I try to schedule these tasks during times that I can listen to a
favorite show such as American Masters or Downton Abbey.
Though it is not reflected in my
blog I often read online news or watch online news videos with my students and my
students and I use those vocabulary words that we find and put them on a word wall. Words that are tier 2 words I will encourage
them to learn, tier 1 they mostly know already and tier 3 I will define and let
them know if it is content specific. I keep words on a word wall—for example words that were related to the presidential
election. My students also added words
for the word wall as they found them and every day we would check the word wall
and review words that we had already gone over and discuss them. We would also discuss new words that were
posted. They also posted questions about that topic.
Since I am keeping a vocabulary
blog in two other classes as well as several in my job, I am not sure which
vocabulary “blog” or journal was the most influential. Though I think the most influential is the one that I keep along with my students and second would be the one for my TSL class. I am already very word conscious and when I
see a word that I am not sure about its use in the context I am reading I look
it up immediately and try to write it in the margins of the reading and explore
it right there for example, how the word is being used in this particular context. This is why it is difficult for me to
transfer the skill of writing in the margins, which I have started doing in the
past several years because I was trained in school not to write in books period
to writing on a blog online. For this
class to transfer that skill to immediately going online and posting it seems
plastic to me right now. I also did not
care for the blogger website that was used and have had difficulty with the
GOOGLE sites as a result of the NAZ GOOGLE account.
Posting on the vocabulary blog was
somewhat beneficial to me through writing to learn, though I would prefer to
keep a written vocabulary journal or to highlight words and write them in the
margins of what I am reading rather than write on a blog. I am not 100% sold on the diigolet either because
it does not exist outside of the program.
I already have too many usernames
and passwords to keep straight. I also have difficulty with online texts and being able to edit my written work on the computer-I need to see it in print and interact with it with pen and paper.
My view of vocabulary tests has
changed because previously I did not think of having students self select
vocabulary for themselves and how that would be possible. I think it is interesting and I have tried it
in my classroom with some success with certain students and with others it is a
work in progress. Overall my students
have used the words more frequently and will identify these words in new
readings that they do or when they hear them they say, “Hey that word was on my
vocabulary list last week.” For me
personally, I was more amazed to see the words that my classmates picked than
by words that I picked.
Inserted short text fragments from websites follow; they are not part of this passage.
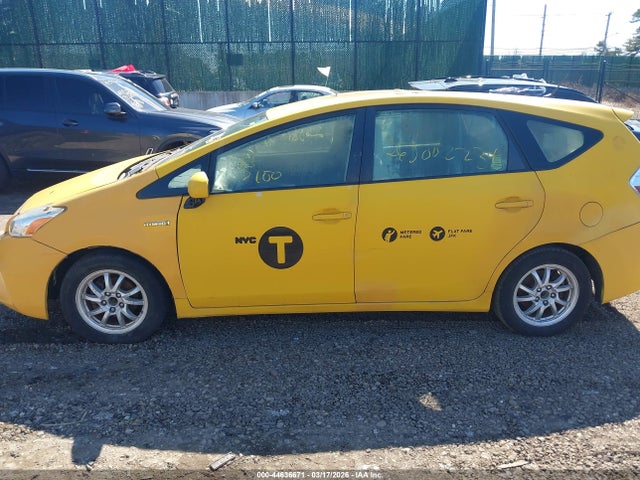 Aukcja sprzedaży 2013 Toyota Prius V Two, vin: JTDZN3EUXD3227612, numer aukcji: 44636671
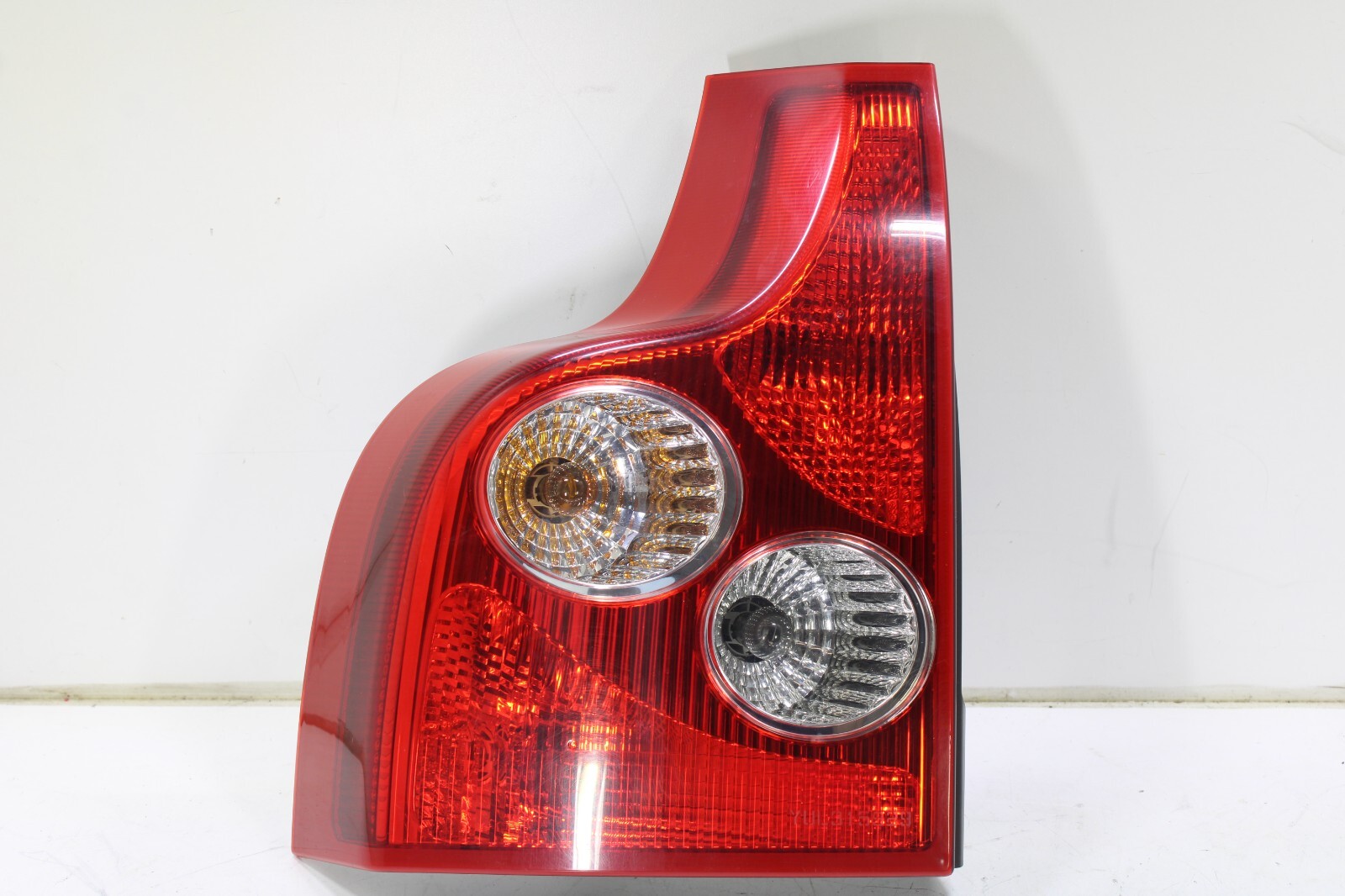 Volvo XC90 2003-2006 OEM Tail Light Tail Lamp Rear Left Lower (Driver Side) – Image 2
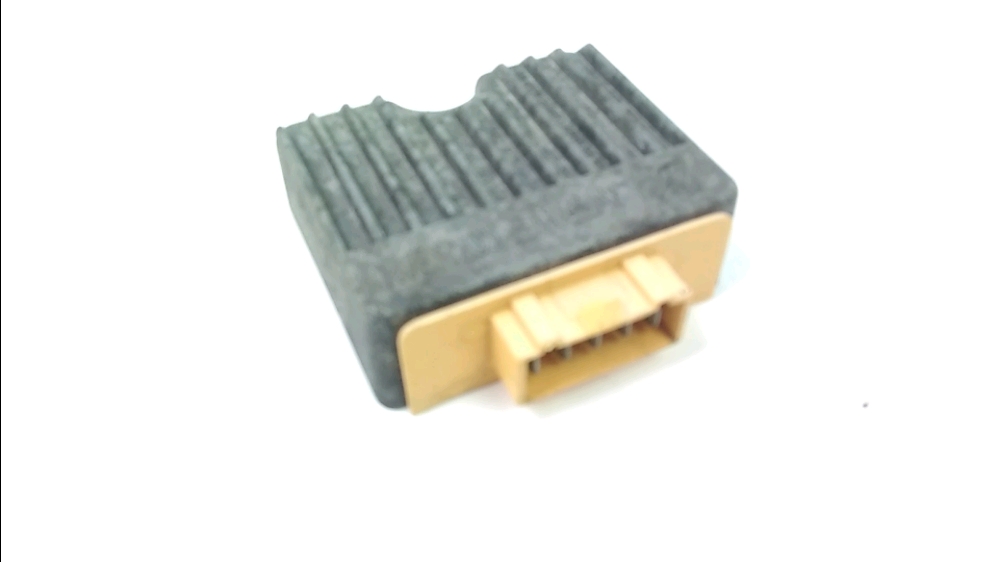 REGULATEUR DE TENSION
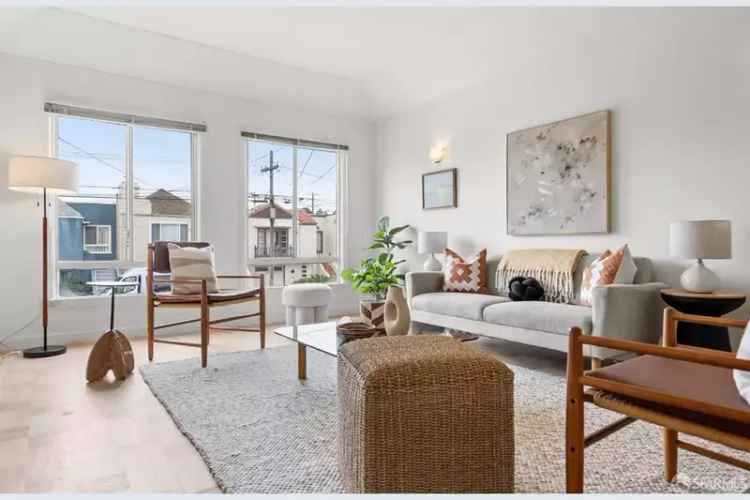 House For Sale in 2081, 47th Avenue, San Francisco, California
I will continue
to learn new words in the same way that I have always learned them. I will immediately or soon after I read, look
them up and I will keep looking the same word up until I feel comfortable with
it in the context it is being used in. I
will eventually learn all the definitions and through reading the word in
various contexts I get an internal dictionary of the word and its many uses. I already know where I know this word if I do
and I do all of these things unconsciously already as a process since I had
very good elementary teachers that taught us to do these as a process, as we
read.
Lori, I am sorry to hear that you didn't find this assignment as useful as I had hoped it would be and that the technology gave you so much trouble. Though you didn't write much about it here, I hope you'll consider the ways that an assignment like this one could potentially be useful in helping us and our students become more word-conscious.